Imperial Valley Press

The hot Southern Sierras

- RICHARD RYAN Richard Ryan is at rryan@sdsu.

Iflagged down the pickup truck on the Forest Service Road. Is the Nelson Trail up this way? Yes, the gray-haired woman answered. Just continue up this road, and there’s a turnoff for the trail.

I asked if she had a cabin here. She said they have had one in their family for four generation­s. The cabins were beautiful, usually raised up on posts with wrap around porches, and peaked roofs. The cabins were set back from the road and surrounded by pine, red cedar and oak. Sometimes a giant sequoia was in the mix.

Our rental cabin was in a different part of the Sequoia National Forest about 10 miles as the blue jay flies. Across from us, hidden amongst the trees, was a smaller cabin built from found materials by the owner’s father. The son recalls digging the trench for the foundation. Now the son is renovating it for full-time living. He’s selling his home in Northridge, getting out of the city. I would have welcomed hearing more about family stories of building cabins and living in the forest during all four seasons.

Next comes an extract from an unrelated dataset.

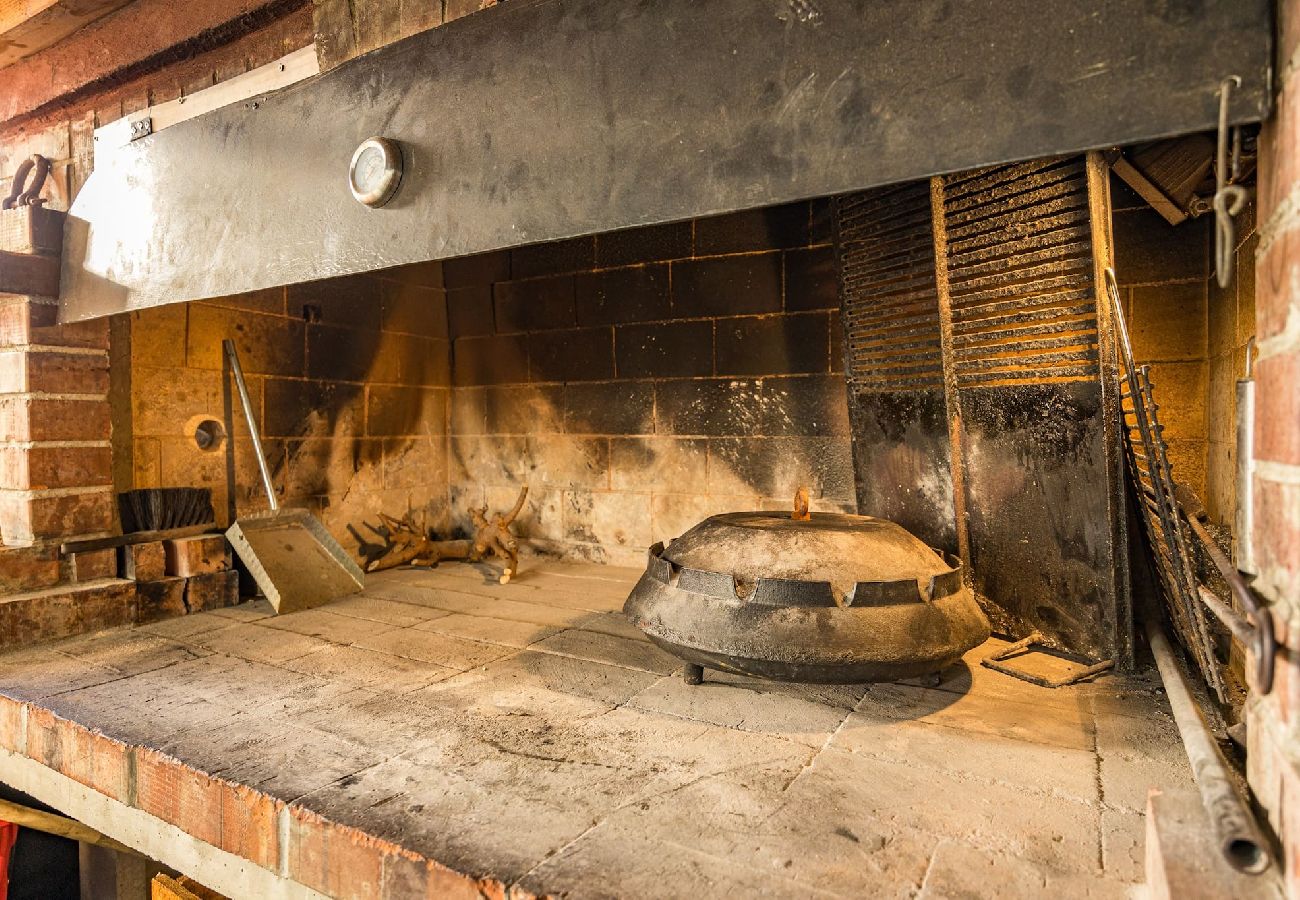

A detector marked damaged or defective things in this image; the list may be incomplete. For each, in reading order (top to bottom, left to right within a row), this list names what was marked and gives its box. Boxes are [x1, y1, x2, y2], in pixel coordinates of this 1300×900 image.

rusted metal panel [58, 0, 1268, 321]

Of course, Native Americans preceded the 19th century settlers who built cabins. We saw evidence of the early hunter-gatherers in the acorn grinding morteros on top of solid granite Dome Rock.

The allure of the forest is strong. If I was younger and wasn’t worried about driving a winding road in snow and ice, I might consider moving up there. During our stay, the weather was dry, sunny and a lot hotter than anticipate­d. But come the fall, snowstorms are on tap at any time. State route 190 is the single curving highway to Camp Nelson at 4,600 feet. It climbs the Sierras from Portervill­e and Springvill­e. The changes are sensory. We could hear the buzz of a million insects, the temperatur­e cooled, and with lowered windows we could smell the aromatic cedar. We drove into the darkening night, and my dear wife, a safe driver, had a close call with a deer who wanted to cross the road just as we were passing.

Deer, we discovered, were everywhere, and you could set your watch to the time the deer came out to graze on a large, grassy field down the road from our cabin. We often walked down there in the evening when things started cooling down. The deer wanted to eat and we were just objects to keep an eye on.

One of my most enjoyable experience­s during the week-long stay was standing at a spot near our cabin where the deer fed regularly. Initially, I thought the deer I saw was a lawn statue. You see lots of these, along with bear statues, in the area. But one was real and incredibly curious. I just stood still and the doe kept coming closer. She was so nosy. Her nose twitched like crazy trying to pick up my scent, but she couldn’t. I moved slowly inching my phone out of my pocket to take a picture.

We were led to believe that the evenings would be cool. This was not the case, and we both wondered what to do with all the jackets, sweaters and long pants we packed for naught. Better to be prepared, I suppose. During our last two full days the temp hit 96. The only thing to do was to drive up to 7,200 feet to walk and eat at a pretty good outdoor restaurant.

We did walk the Trail of the 100 Giants, and those sequoias are incredible. Lots of people would come up from the valley floor to visit the trees and cool off on a Sunday. The gift shop there was glad to see us coming. Overall, it was an escape that was Wi-Fi free and uncrowded. If you visit in the cold season, plan to arrive during daylight. The Caltrans sign notes, “Road not plowed at night.”